Fant wrote—put my pain on pages, as she says in “Handfuls of Honey”—but she didn’t share. While in Youngstown she learned about open mics, saw some on TV, and she knew that as soon as she could find one and get herself there, that’s when she would start sharing. From there, it was only a matter of months before she was competing.
Both as an individual and team member, she’s won a number of Grand Slams, and two years ago, at 22, she published her first book of poetry, Paint, Inside Out, which won the Cora Craig Author Award for Young Women.

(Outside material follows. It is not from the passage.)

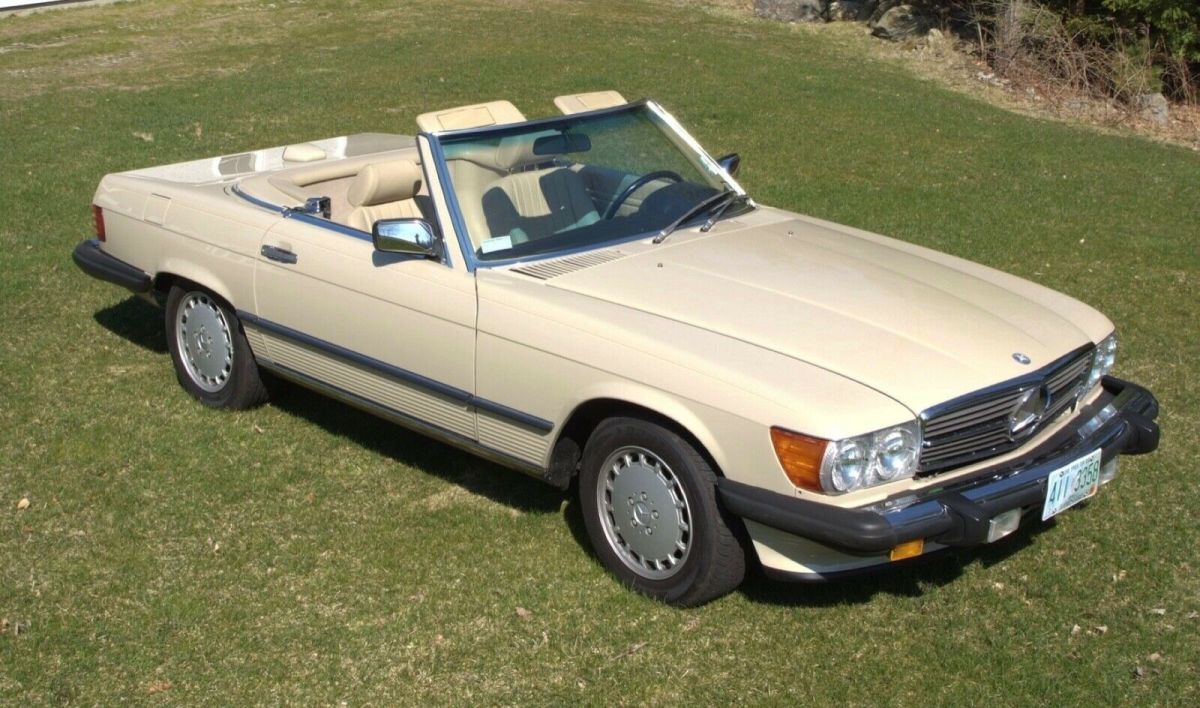 1986 Mercedes-Benz SL-Class 560SL only 35k Miles 1986 Mercedes-Benz SL-Class 560SL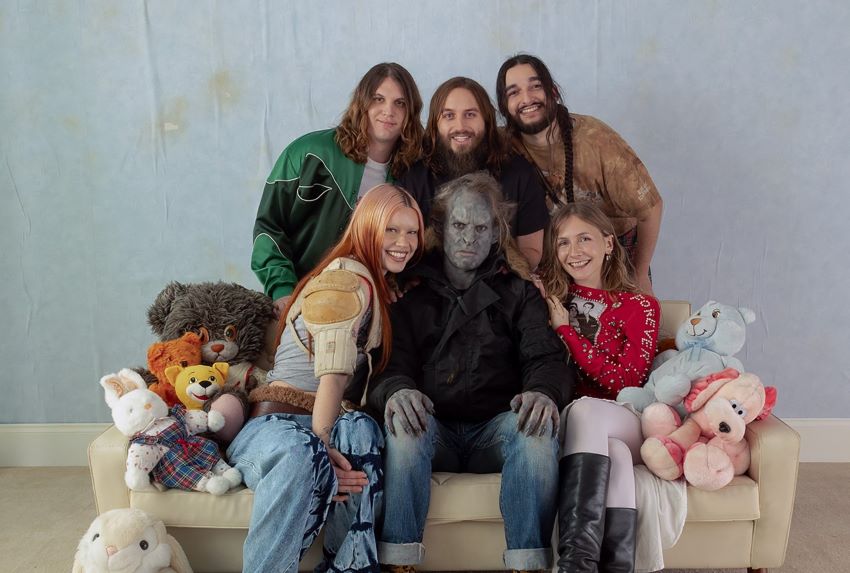 The Dare remistura Wet Leg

She’s slowed the pace a bit now that she is in grad school, but Fant still slams and runs the occasional workshop (she’s worked with Transit Arts and Columbus Collegiate Academy, among other organizations). Most recently, she’s been spending some time in the theater—yes, she also acts.
Her approach to writing poetry, Fant says, is to “paint pictures with words.” With “Today, Beginning Again,” for example, she was drawn to the idea of Columbus as a smart and open city, then starts to break that down: “I’ll ask, what does that look like? Open…bursting…firework…and it goes from there…I try to make it come alive.”
Asked, then, about coming from poetry to preaching and the interplay between the two, she sees some commonality, but also a clear divergence: “Both poems and sermons are journeys that the listener allows me to take them on…But I do not perform sermons. I teach and preach sermons. As I minister through poetry, I am able to give people more of me, my journey and my testimony. As a preacher, I surrender myself to being a minister of the Gospel and I allow only God’s word to shine through.”